-- How to complete this task --
Once the line holding "12 x Aufbewahrungsbox" is written out, stop; begin at the first line of the material below and retype exactly, dropping pictures.

━━━━━ Entries provided

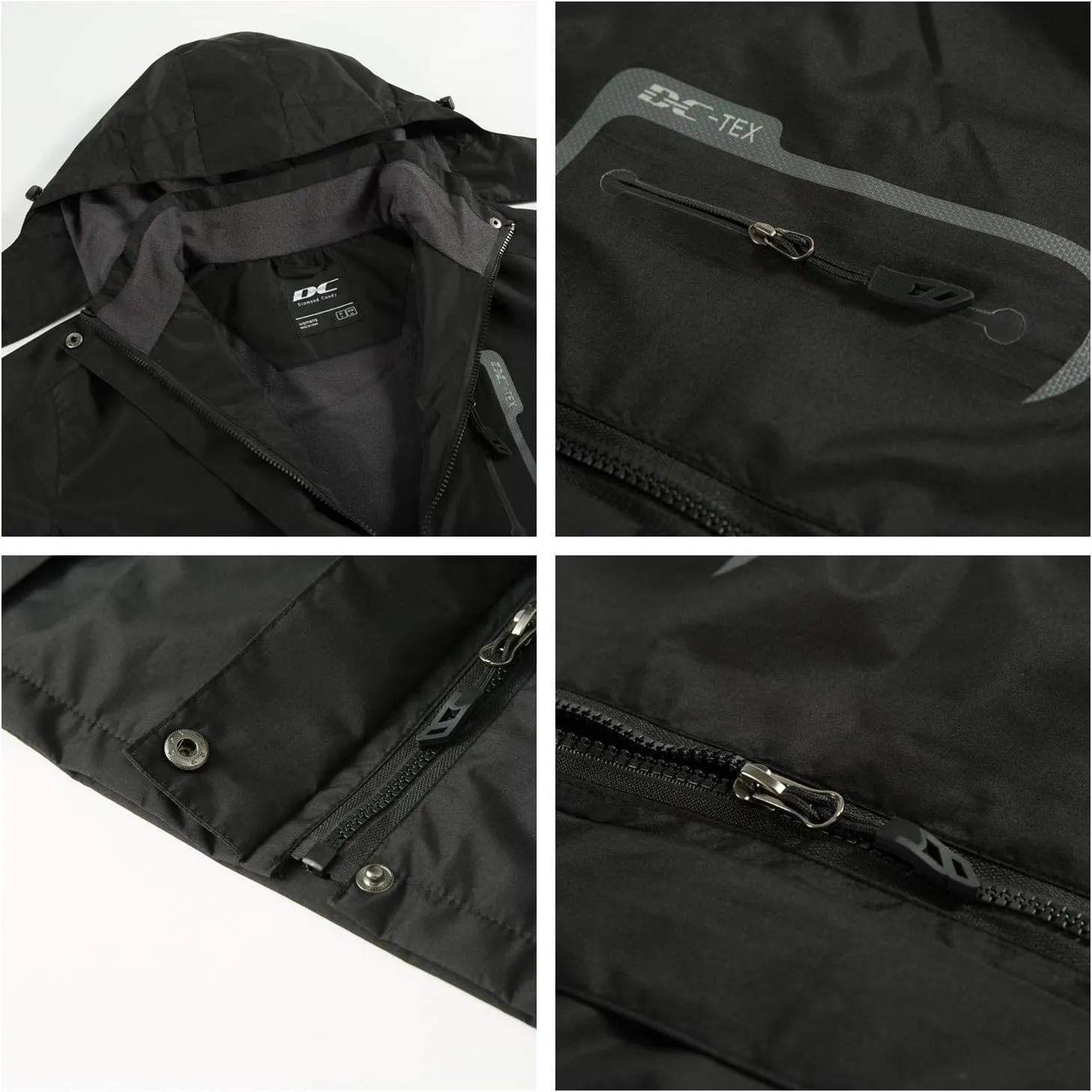 Diamond Candy Waterproof Rain Jacket Women Lightweight Outdoor Raincoat Hooded for Hiking skiing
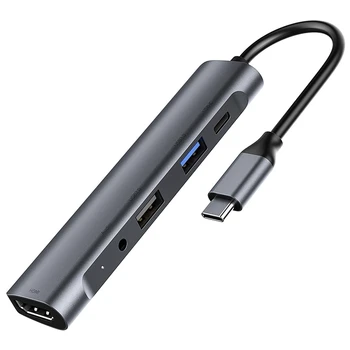 USB C Hub 5 In1 Converter Adapter with 4K HDMI USB C USB 3.0 Ports PD 60W Charging o Jack for PC Pro
USB C Hub 5 In1 Converter Adapter with 4K HDMI USB C USB 3.0 Ports PD 60W Charging o Jack for PC Pro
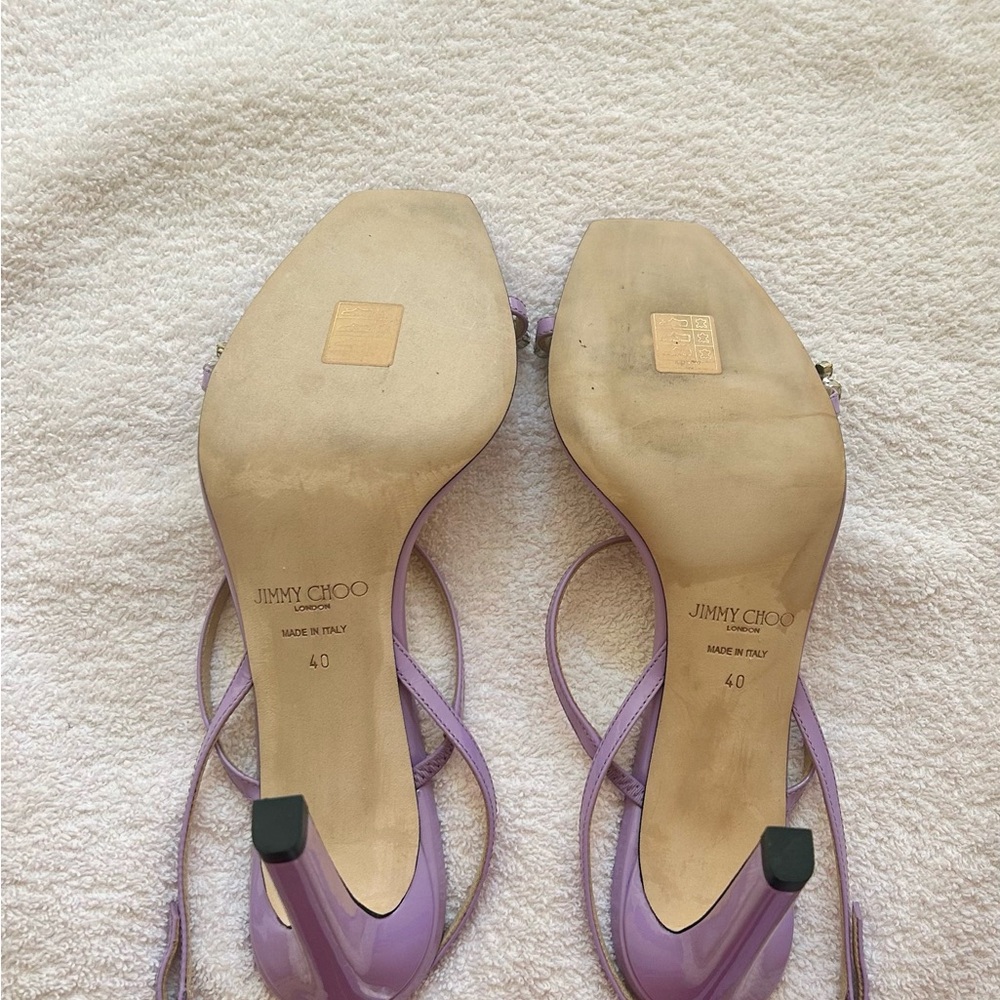 Jimmy Choo Lavender Crystal Strap Sandals - Picture 6 of 7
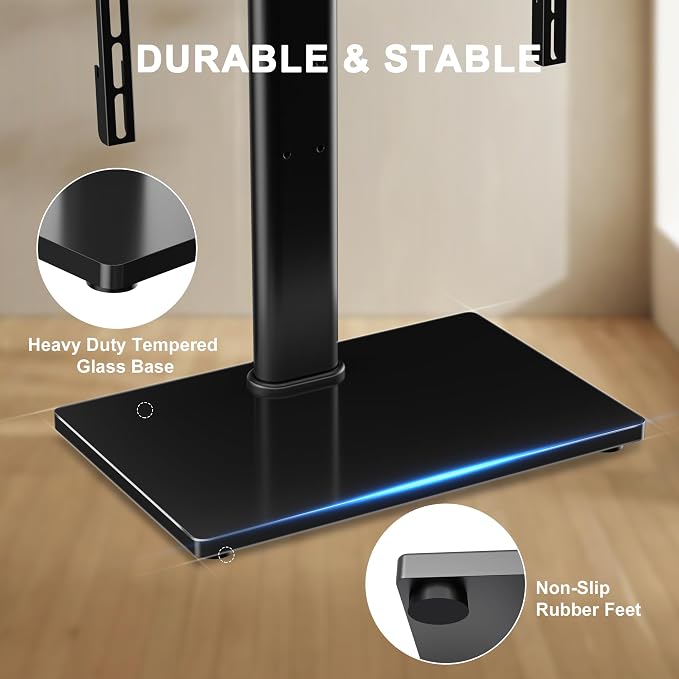 XINLEI Universal Swivel TV Stand Base Table Top TV Stand for 23-70 Inch TVs 70 Degree Swivel, 6 Height Adjustable Tall Monitor Mount Stand, Max VESA 400x400mm,Holds up to 88lbs TS206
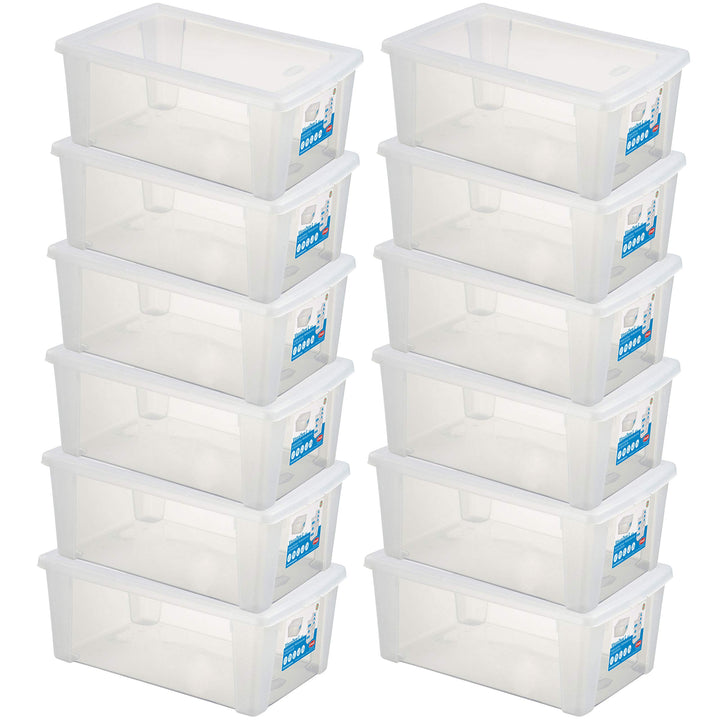 12 x Aufbewahrungsbox mit Deckel 10 Liter 36x25x14 cm - transparent stapelbar LEBENSMITTELECHT - Sch
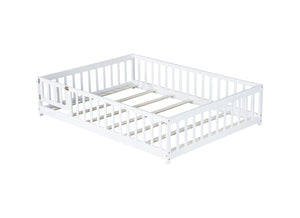 English Elm Twin Solid Rubberwood Floor Bed with Full Perimeter Safety Rails for Toddler Rooms White W504P296786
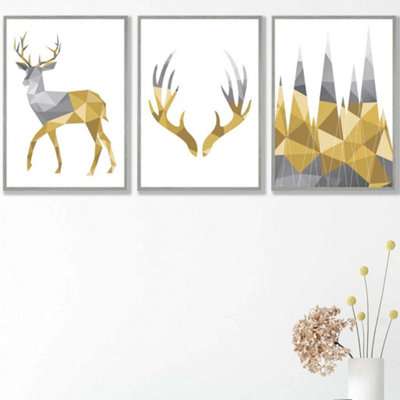 Artze Wall Art Set Of 3 Geometric Yellow Grey Stags Set Wall Art Prints / 42X59Cm (A2) / Light Grey Frame from B&Q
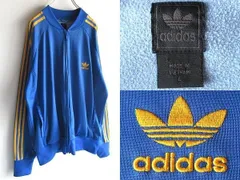 希少 00sビンテージ adidas originals アディダス オリジナルス トレフォイルロゴ刺繍 ATP型 トラックジャケット ジャージ L 青黄 海外企画
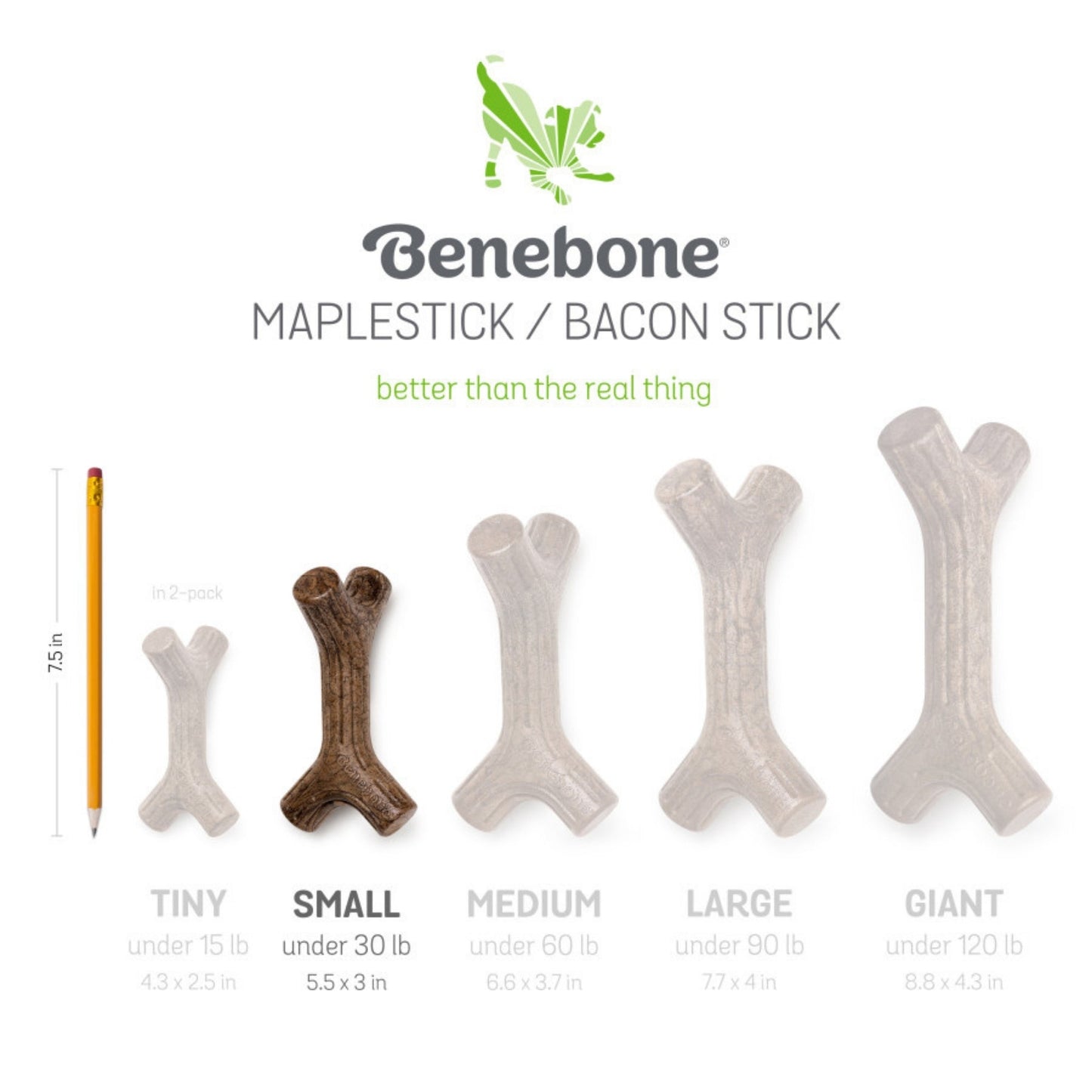 Benebone Maplestick Durable Dog Chew Toy 1ea/SM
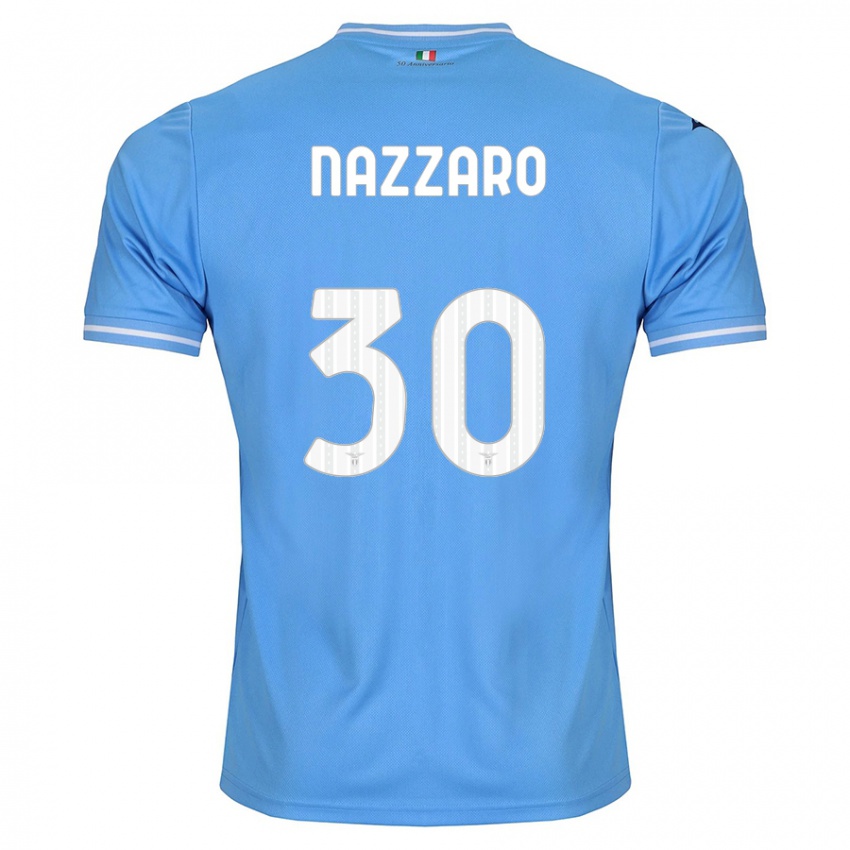 Mænd Marco Nazzaro #30 Blå Hjemmebane Spillertrøjer 2023/24 Trøje T-Shirt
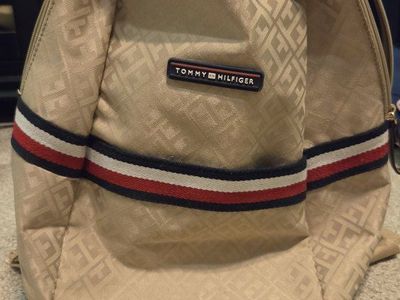 Tommy Hilfiger Monogram Beige Mini Backpack with Signature Stripe
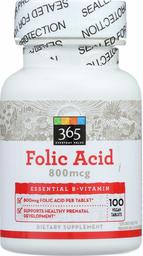 365 Everyday Value, Folic Acid 800mcg, 100 ct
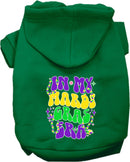 Pet Dog & Cat Screen Printed Hoodie for Medium to Large Pets (Sizes 2XL-6XL), "In My Mardi Gras Era"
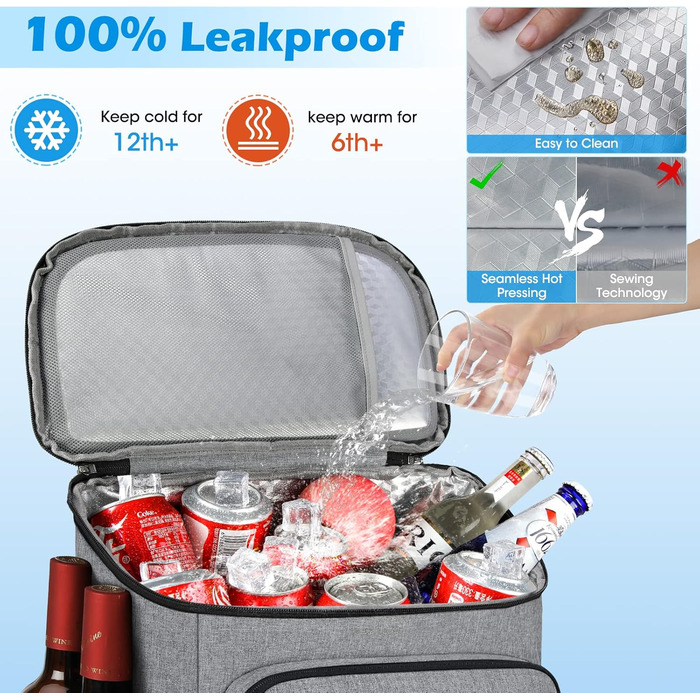 NUBILY 30L Insulated Cooler Backpack - Waterproof Cooler Bag Backpack, Large Insulated Cooler Bag, Thermo Lunch Bag for Camping, Outdoor Activities, Travel, BBQ, Hiking (Gray)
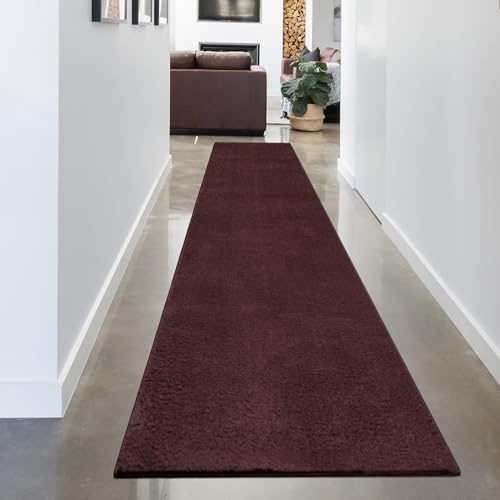 CARPETIA Weicher Teppich Uni Waschbar rutschfest Dunkelrot 80x300 cm | Weich, waschbar, rutschhemmend, formstabil und pflegeleicht, für Wohnzimmer, Schlafzimmer, Gästezimmer & Flur
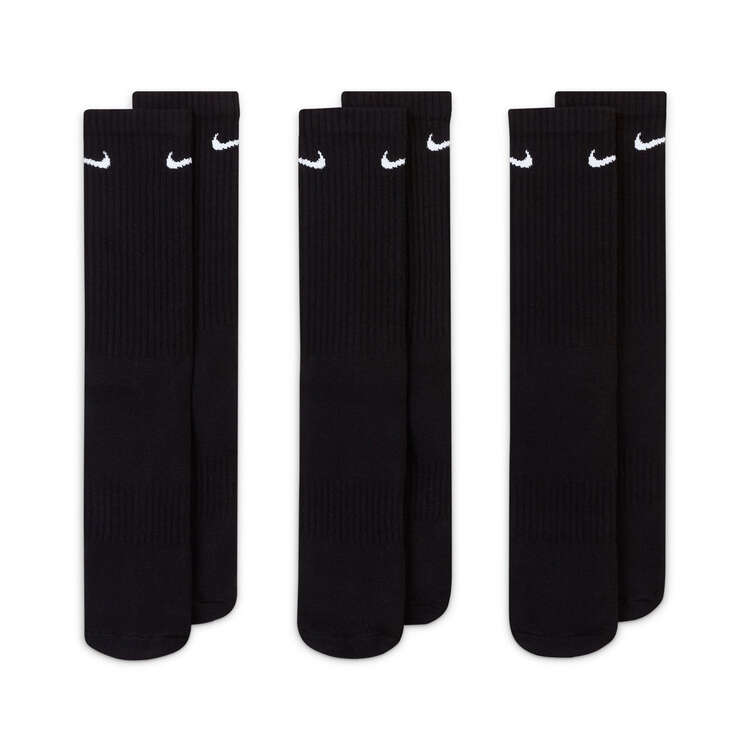 Nike Cushion Cushion Crew 3 Pack Socks Black M - YTH 5Y - 7Y/WMN 6 - 10/MEN 6-8, Black, rebel_hi-res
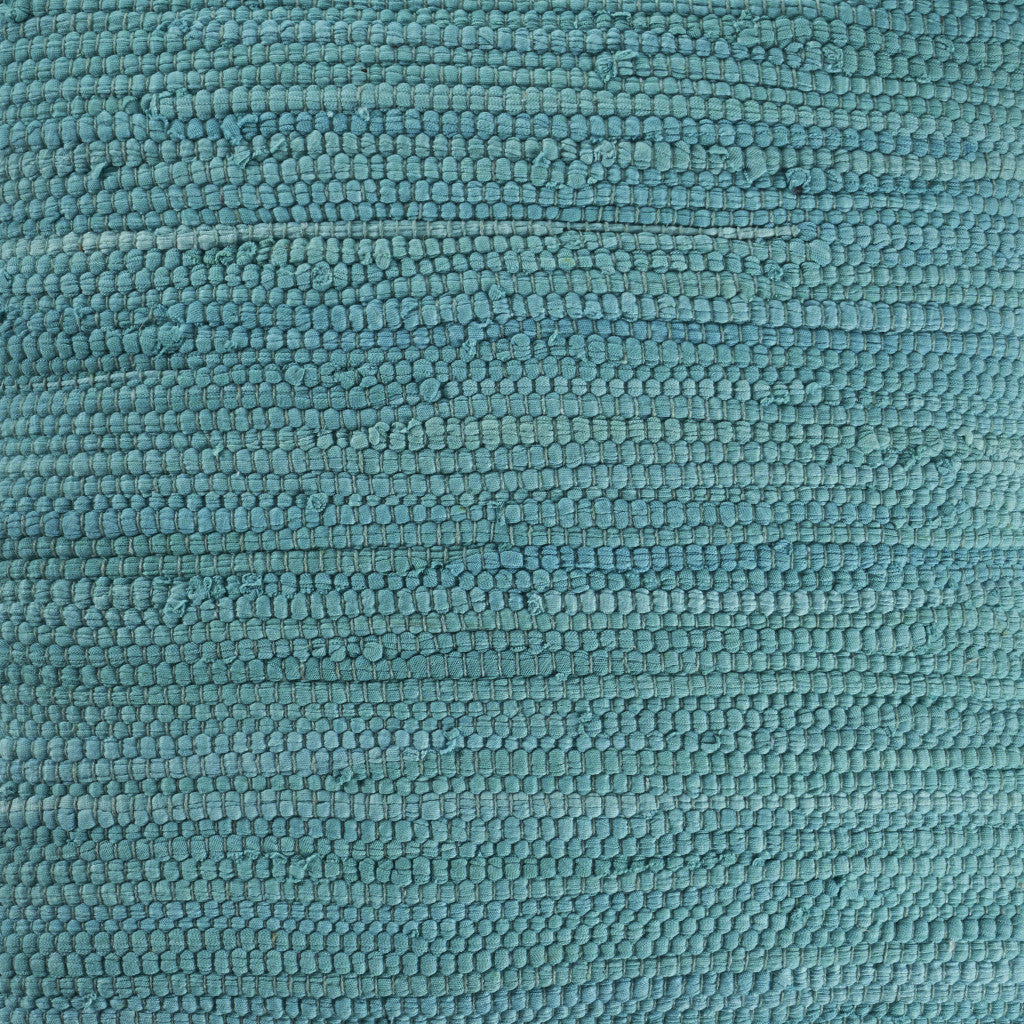 20" X 20" Turquoise Blue And Tan 100% Cotton Zippered Pillow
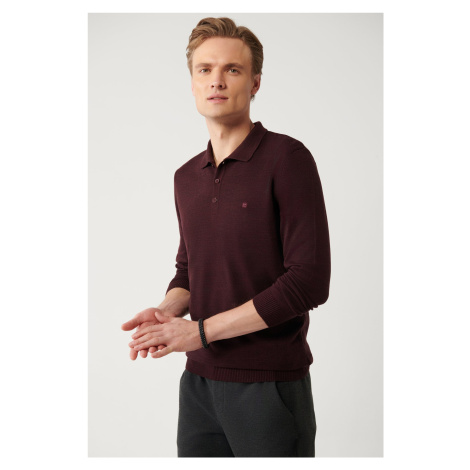 Avva Men's Burgundy Knitwear Sweater 3-Button Polo Collar Regular Fit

━━━━━━━━━━

-- Your solution --
 Diamond Candy Waterproof Rain Jacket Women Lightweight Outdoor Raincoat Hooded for Hiking skiing
 USB C Hub 5 In1 Converter Adapter with 4K HDMI USB C USB 3.0 Ports PD 60W Charging o Jack for PC Pro
USB C Hub 5 In1 Converter Adapter with 4K HDMI USB C USB 3.0 Ports PD 60W Charging o Jack for PC Pro
 Jimmy Choo Lavender Crystal Strap Sandals - Picture 6 of 7
 XINLEI Universal Swivel TV Stand Base Table Top TV Stand for 23-70 Inch TVs 70 Degree Swivel, 6 Height Adjustable Tall Monitor Mount Stand, Max VESA 400x400mm,Holds up to 88lbs TS206
 12 x Aufbewahrungsbox mit Deckel 10 Liter 36x25x14 cm - transparent stapelbar LEBENSMITTELECHT - Sch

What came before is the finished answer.